The initial R script used different data sets to run mathematical models (cluster analysis and regression models) to evaluate a fair market value for surplus spare parts. This script was initially created as the result of a pilot study about pricing models for spare parts. First applications arose immediately: trading managers wanted to use this script as a stand-alone evaluation tool for requests or offers for single parts. Updates were manually distributed via USB flash drive and the number of users was at most 10. Once started, the users proposed multiple new features to get rid of large Excel sheets with opaque vlookups. At the same time, the first stable version of shiny was released and our journey with shiny began.

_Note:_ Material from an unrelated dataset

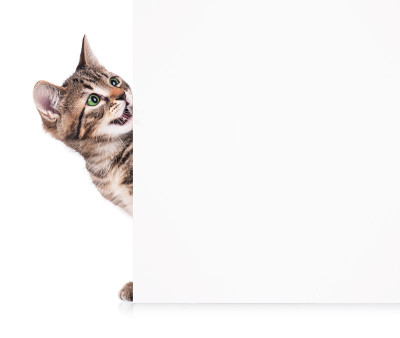 可爱的小猫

Starting with a local shiny server and a single application, the range of business cases, use cases and users steadily grew.

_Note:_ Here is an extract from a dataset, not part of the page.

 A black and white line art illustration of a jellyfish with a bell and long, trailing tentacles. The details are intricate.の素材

Today, among other features such as KPI dashboards, and parameter administration, the functionality of the system includes
- the evaluation of packages including more than 1,000 surplus parts
- a rule-based model to derive sales prices from the fair market value for surplus parts in stock
- a dynamic model to propose the best utilization for a given surplus part based on demands and value of the part
The number of users increased as fast as the number of functions and modules increased. Today, more than 500 users from all over the world are registered in our system. This fast and diverse growth was not always easy and straightforward. We had to learn some hard lessons to be where we are today: how to store data effectively, how to ensure good performance on a heavily restricted server infrastructure, how to synchronize data within different shiny applications, and last but not least how to document processes and models.
We solved the challenges regarding data storage, by storing all data in RDS files on disk and load the needed data on startup as global variables in our shiny apps, by continuously improving the implementation and algorithm efficiency and by establishing a file based notification concept to synchronize the data in all applications. Holding all data tables as global variables in memory is expensive in terms of hardware resources, however, as long as the data is not too large, this provides you fast access and full support for reactivity features in shiny applications.

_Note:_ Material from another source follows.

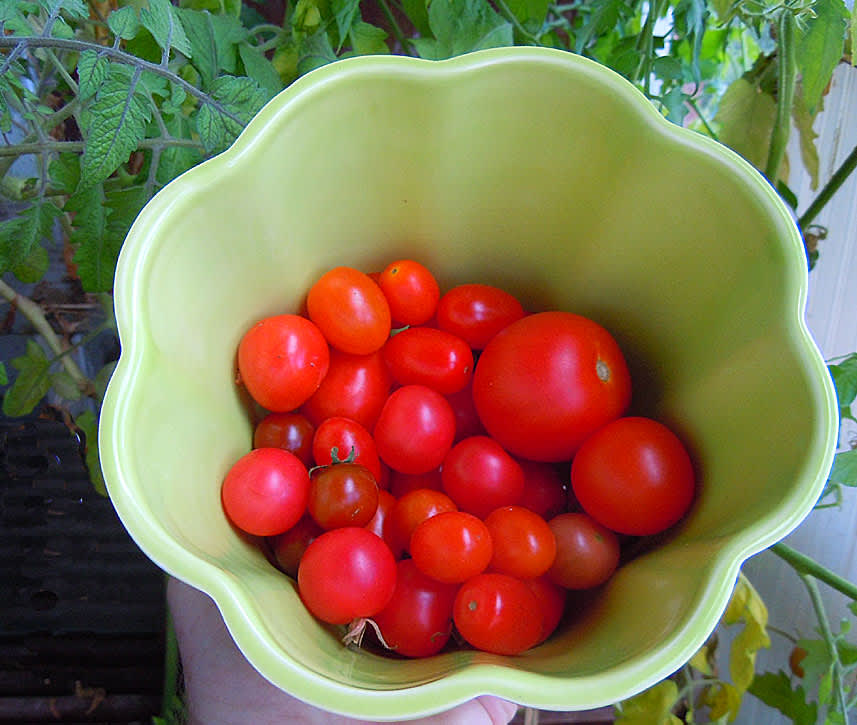 Egna solmogna tomater!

A new challenge arises when the system gets more and more integrated in existing IT processes: interfaces to other IT systems have to be set up to transfer data and multiple users start to interact and manipulate the same data set simultaneously. Our first approach was that each origin of manipulation has its own data file and a regularly scheduled cron job combines all information and builds the actual data file loaded in the shiny applications. Later, we started to use the plumber package to establish a service handling the data and coordinating all manipulations. As a next step, we want to switch our data storage to a SQLite data base with data handling layers to enable reactivity and synchronicity in all shiny applications.
Performance challenges during the evolution process of our applications are mainly triggered by hardware restrictions and sometimes by a sudden and significant increase in users. As hardware extensions are heavily restricted by the IT department of our customer, every time performance was going down, we scrutinized our implementation and source code and looked for memory and efficiency leaks. This lead, e.g., to a differentiated and extensive usage of global reactive structures in our shiny apps. One of our most beneficial insights in this field is that using global eventReactive or reactive can significantly reduce memory and CPU usage. Using global observeEvent, however, does not have a significant potential and may actually increase the number of support activities as a crashed observer is not reactivated until the complete app is restarted.
While starting with single R scripts used by some experts, documentation in terms of comments within the code was more than sufficient. Nowadays, we more and more face the challenge to provide some more detailed documentation of background algorithms and user interfaces. After some tries with basic documentation in form of handbooks or specification sheets, a wiki based documentation process was established. This captures the agile and iterative development process established in this project and allows multiple users to collaborate on certain documentation tasks. To easily enable users to find the correct wiki page in a specific situation, we included help buttons in pages and boxes of our applications.
Summarizing our lessons learned during the last three years with this project, first of all we can conclude that shiny and R is a perfect platform for data driven analysis and algorithms even for a system with more than 500 users. As a second result, we can encourage everybody to use shiny and R to establish an agile software development process. Doing so, enabled us to exploit the rapid development of R, shiny packages with its features and to outperform competitive software systems and programming languages. And there is still fantastic work in progress, while the R and shiny community is steadily growing.